───── DATASET ENTRIES

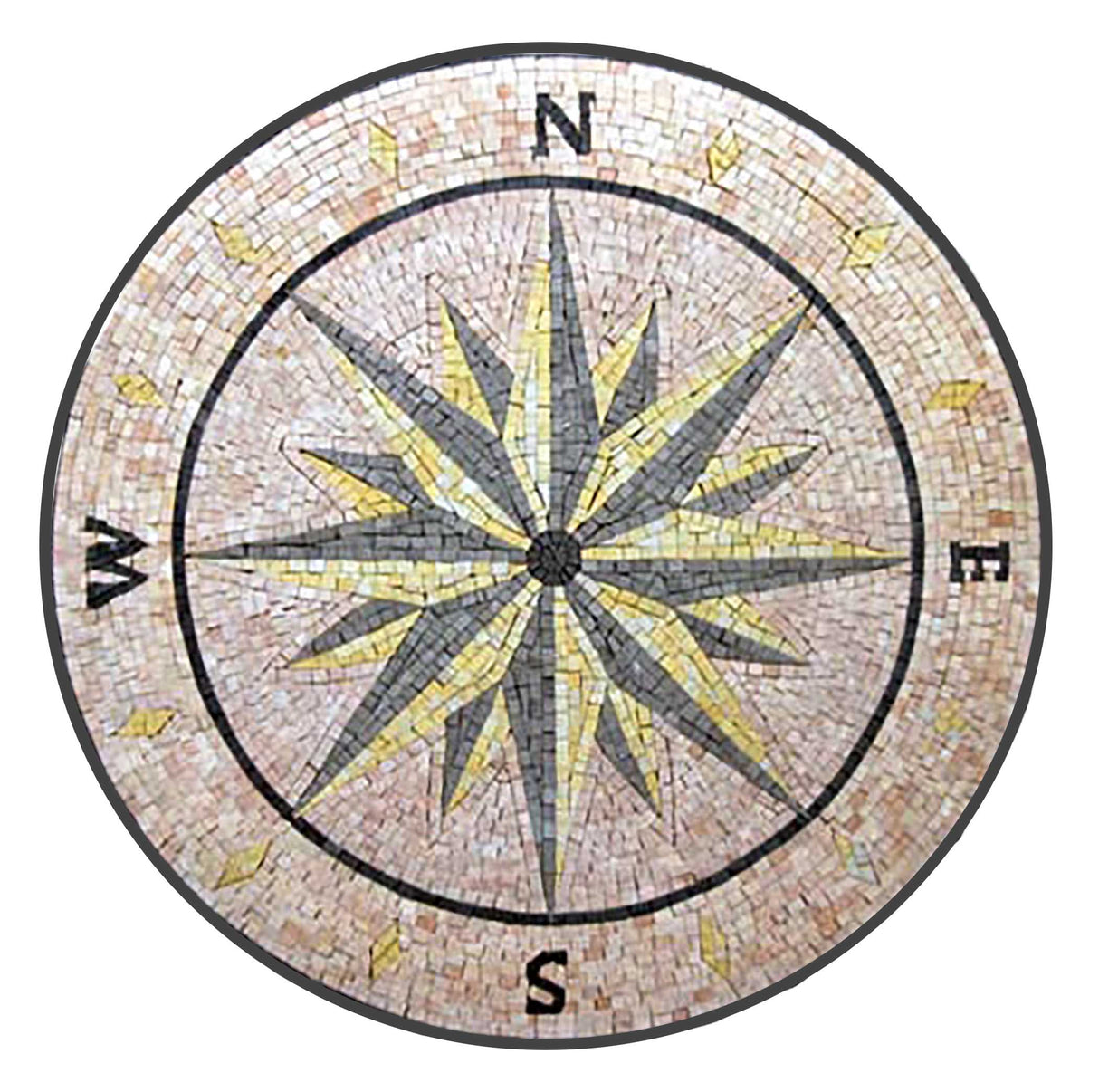 Compass Rose Marble Mosaic Medallion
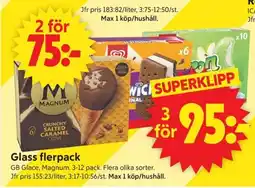 ICA Supermarket GB Glace, Magnum Glass flerpack erbjuda
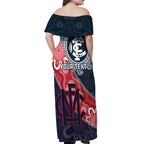 Personalised Demons And Blues Football Off Shoulder Maxi Dress Aboriginal Art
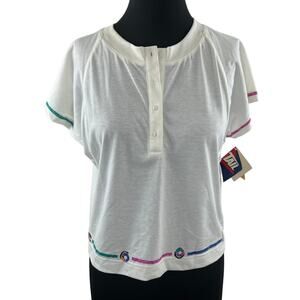 VINTAGE TAIL White Henley Top Button Tennis Raglan Short Sleeve Size Small S NEW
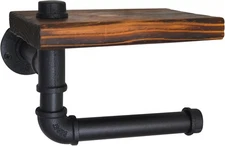 Toilet Paper Holder with Shelf Rustic Wooden and Black Iron Pipe Hardware Towel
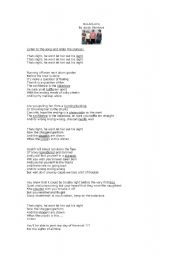 English worksheet: Song: Balaclava by Arctic Monkey (with vocabulary activity and key)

──────────

> YOUR OBJECTIVE:
The copy should start at the line that contains "ICA Supermarket GB", end at the last line of the entries above, and match each line exactly, with pictures dropped.

> ANSWER TO THIS TASK:
 ICA Supermarket GB Glace, Magnum Glass flerpack erbjuda
 Personalised Demons And Blues Football Off Shoulder Maxi Dress Aboriginal Art
 VINTAGE TAIL White Henley Top Button Tennis Raglan Short Sleeve Size Small S NEW
 Toilet Paper Holder with Shelf Rustic Wooden and Black Iron Pipe Hardware Towel
 English worksheet: Song: Balaclava by Arctic Monkey (with vocabulary activity and key)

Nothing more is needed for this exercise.